In divorce situations the holidays, including Christmas, can be more difficult than any other time. Christmas is a special time when everyone is supposed to get along and we celebrate family. However, a divorce can certainly change that.
Most often divorced parties alternate the children during the holidays. Usually the Christmas break is divided between the parents based upon the school calendar. Additionally, the children usually spend part of Christmas Day with each parent. The typical Custody/Visitation scheduled may look like this.
“In even-numbered years the Father shall have Thanksgiving from Wednesday prior to Thanksgiving through Thanksgiving weekend, ending Monday morning when he returns the child to school.
In even-numbered years the Mother shall have Christmas from the day school recesses for Christmas Break until Christmas Day at 2:00 p.m., and the Father shall have from 2:00 p.m. December 25 until January 1, at 12:00 noon. The mother shall have from noon January 1, until school resumes, at which time the regular custody/visitation schedule shall resume. In odd-numbered years this schedule shall be reversed so that the father shall have from the time school recesses for Christmas Break until Christmas Day at 2:00 p.m., and the Mother shall have from 2:00 p.m. December 25 until January 1, at 12:00 noon, with the Father having from noon January 1, until school resumes.”

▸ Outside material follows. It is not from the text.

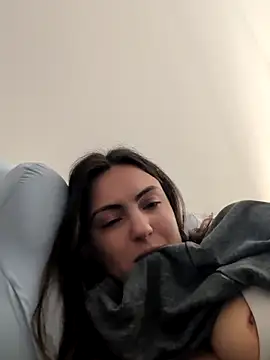 alwayswettt online show from April 2026 07:07:02 PM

This is just an example, though is fairly typical. Having said that, the Court will likely approve any arrangement the parties can mutually agree upon. There are good reasons to agree to an alternative plan. Sometimes family tradition is to celebrate Christmas Eve and it may make more sense and be easier for the children if that parent continued with that tradition. Sometimes the parties live so far apart that the travel on Christmas Day is unreasonable. Pay attention to this. It may make more sense and be easier for everyone involved for the exchange to be the 26th. One judge, no longer on the bench, always awarded the custodial parent Christmas Eve and day. His sentiment was the children needed to be “home” for Christmas. The other parent did receive a good amount of time over the holidays and just adapted with “new” traditions.
As parents your job is to make the holiday as normal as possible. It is okay to start new traditions, but don’t do so at the expense of your child’s emotional well-being. Oh, and don’t agree to the alternating Christmas language in your papers based upon the other parent telling you, “don’t worry about it, you can always have Christmas morning ‘irregardless’ of the papers.” First of all ‘irregardless’ is a non-standard word that will have the grammar police en route and secondly if it’s not in your papers, it’s not going to happen.
Remember this, Christmas can be whenever you and your child have the chance to be together.